“Feeling as though you are contributing to such a powerful movement while indoors [in quarantine] is an incredible opportunity that Professor LeFlouria gave each one of us,” University of Virginia student Jalecia Wright wrote about her experience in Talitha LeFlouria’s course, “Black Women and Mass Incarceration.”
How can courses with elements of community engagement continue when students are supposed to avoid others due to the coronavirus? It’s not easy, but some things are possible. Here, two faculty members share some strategies that worked in their classes.
In addition to LeFlouria, a professor of African American and African studies, and her course, assistant professor Kate Stephenson regularly teaches “Writing About Housing Equity” among other topics in the English department’s Writing and Rhetoric Program. That program oversees the roster of courses to fill first-year writing requirements, as well as the Writing Center. It Also offers many advanced writing courses in topics ranging from digital rhetoric to travel writing.
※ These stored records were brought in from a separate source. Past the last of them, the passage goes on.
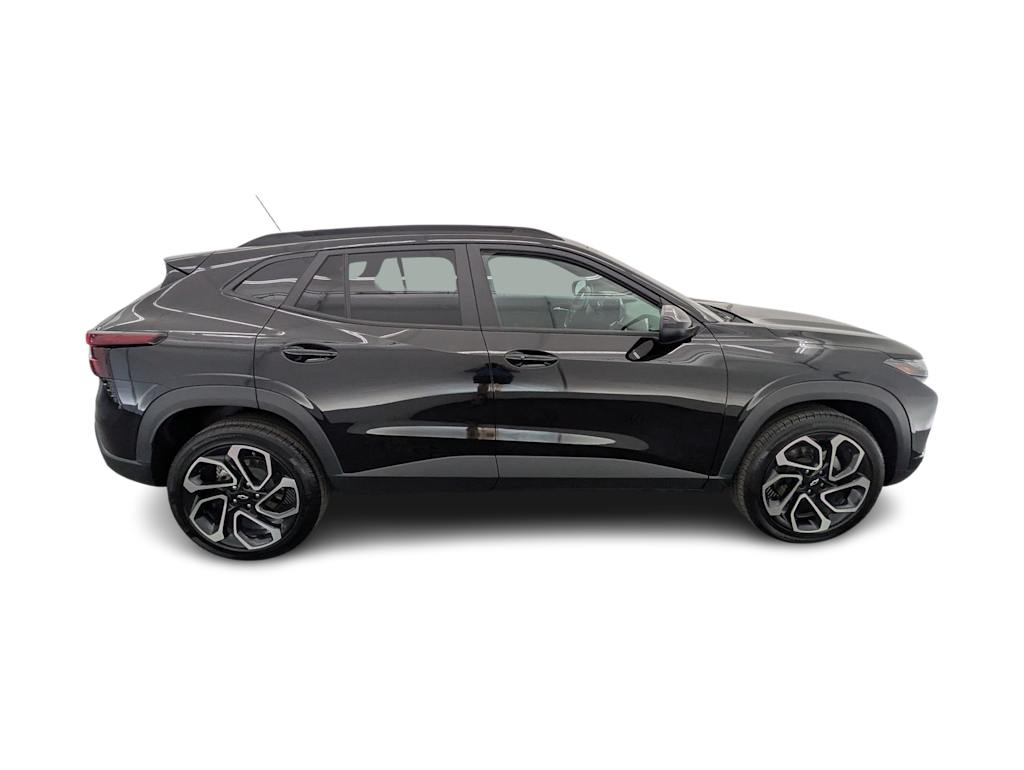Thumbnail: 2025 Chevrolet Trax - 21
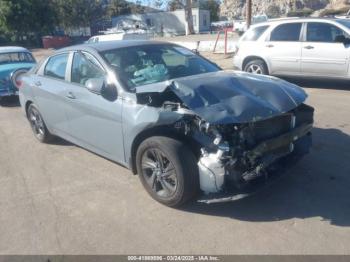  Salvage Hyundai ELANTRA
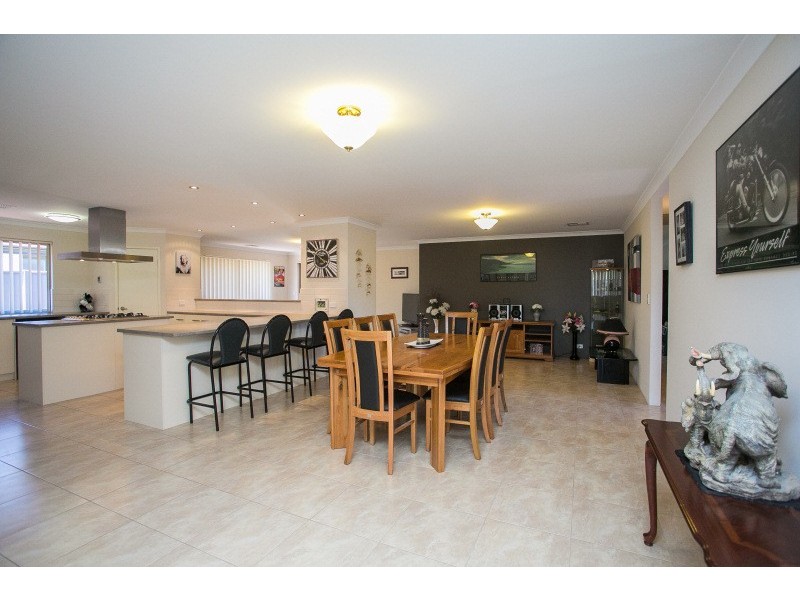 14 Salwood Loop, Banksia Grove WA 6031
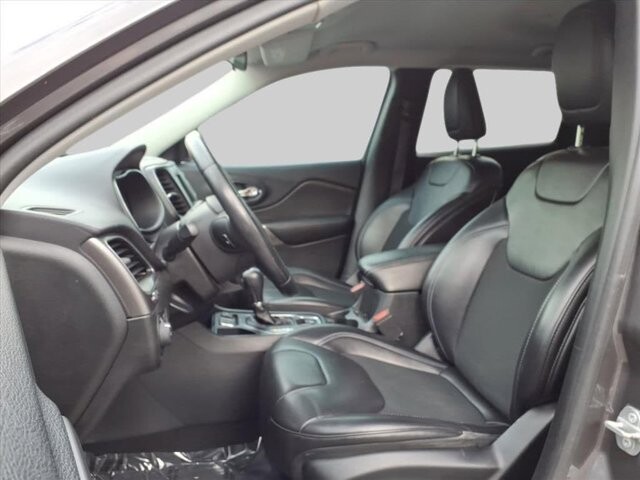 2019 Jeep Cherokee in Winchester, VA 22602 - 18063704 14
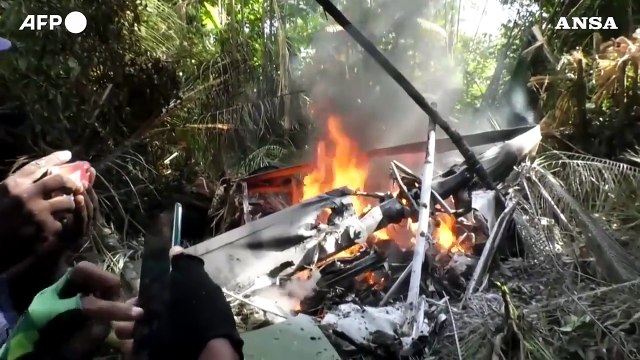 I resti dell' elicottero militare caduto nel nord-ovest della Colombia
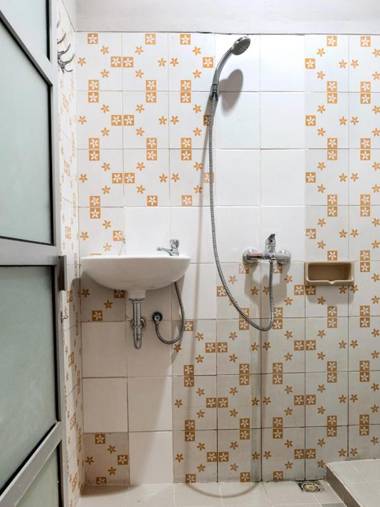 OYO 2912 Graha Minda Syariah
Last year, the Jefferson Trust funded the Engaged Writing Project, supporting the addition of a community engagement component in first-year writing courses like Stephenson’s. But when the pandemic hit during the spring semester, many of the students had to stop volunteering in person at the Haven, a local nonprofit that provides services for homeless people.
Stephenson and the Haven’s day shelter coordinator Rob White had revived the Haven Writers’ Circle in August 2019. “The writers, most of them guests of the Haven … asked if we could create a publication. We intended to do that in spring 2020, but the pandemic delayed the project until fall,” Stephenson said. The fall class focused on producing an online literary publication featuring the writing and visual arts of Haven staff, volunteers and guests.
In recent years, UVA has expanded programs and pathways for incorporating community service into student experience. Some opportunities have grown out of Madison House, the independent student volunteer center – supporting Stephenson’s and other writing courses, for example. The provost’s office and Center for Teaching Excellence are also highly involved.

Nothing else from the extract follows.